### EXTRACTED DATA
· · · · ·

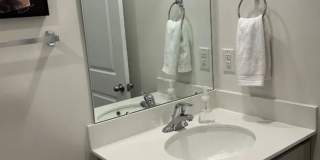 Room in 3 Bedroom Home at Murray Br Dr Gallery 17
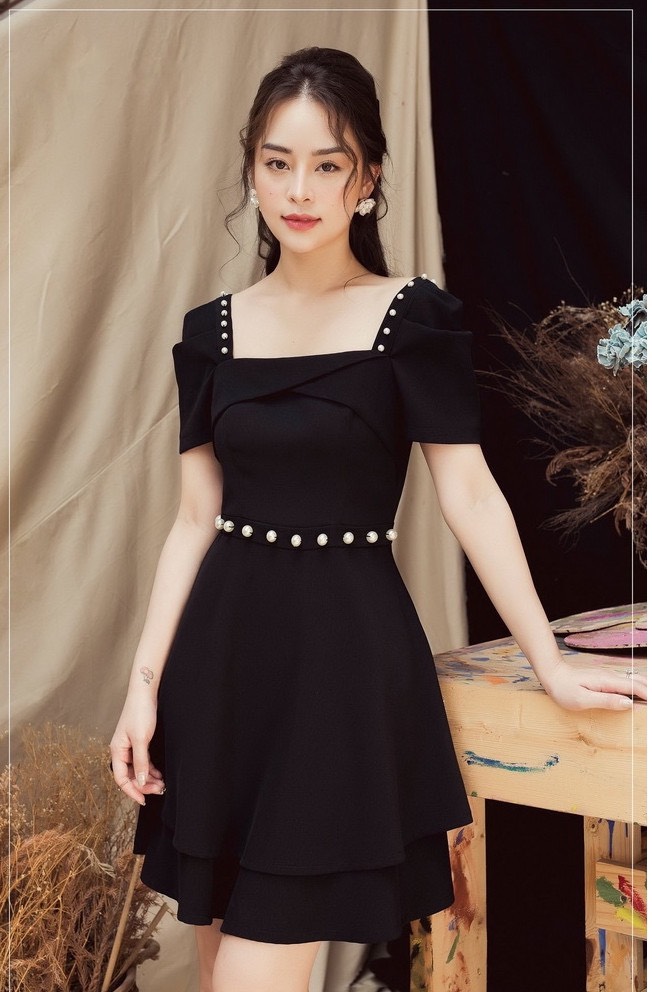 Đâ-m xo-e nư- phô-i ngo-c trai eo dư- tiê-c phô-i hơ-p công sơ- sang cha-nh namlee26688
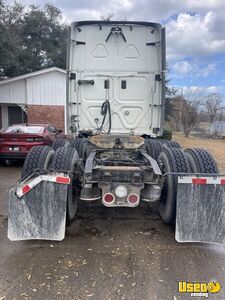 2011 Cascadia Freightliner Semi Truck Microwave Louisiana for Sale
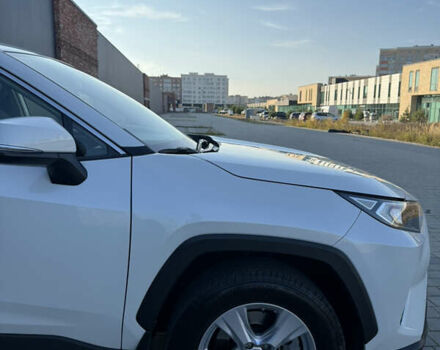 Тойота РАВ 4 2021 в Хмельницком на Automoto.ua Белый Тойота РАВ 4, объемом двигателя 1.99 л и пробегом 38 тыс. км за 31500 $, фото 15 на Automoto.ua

· · · · ·

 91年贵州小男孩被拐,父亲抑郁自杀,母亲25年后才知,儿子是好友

· · · · ·

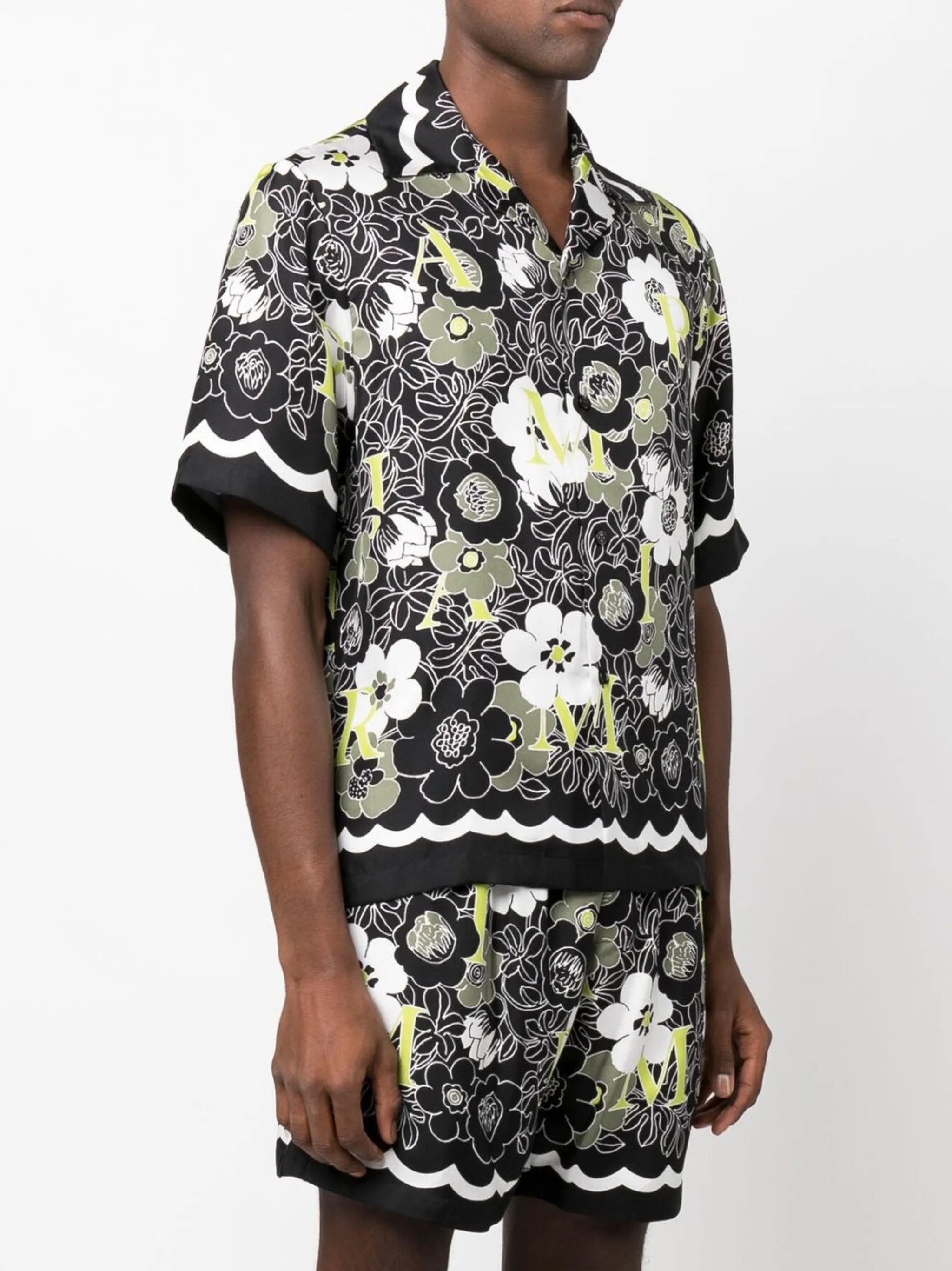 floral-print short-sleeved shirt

· · · · ·

### PROBLEM DESCRIPTION
Looking at the listing above, which lines run from the one containing "2011 Cascadia Freightliner" through the one containing "Тойота РАВ 4 2021"? Print exactly those, ends included, pictures excluded.

### EXERCISE SOLUTION
 2011 Cascadia Freightliner Semi Truck Microwave Louisiana for Sale
 Тойота РАВ 4 2021 в Хмельницком на Automoto.ua Белый Тойота РАВ 4, объемом двигателя 1.99 л и пробегом 38 тыс. км за 31500 $, фото 15 на Automoto.ua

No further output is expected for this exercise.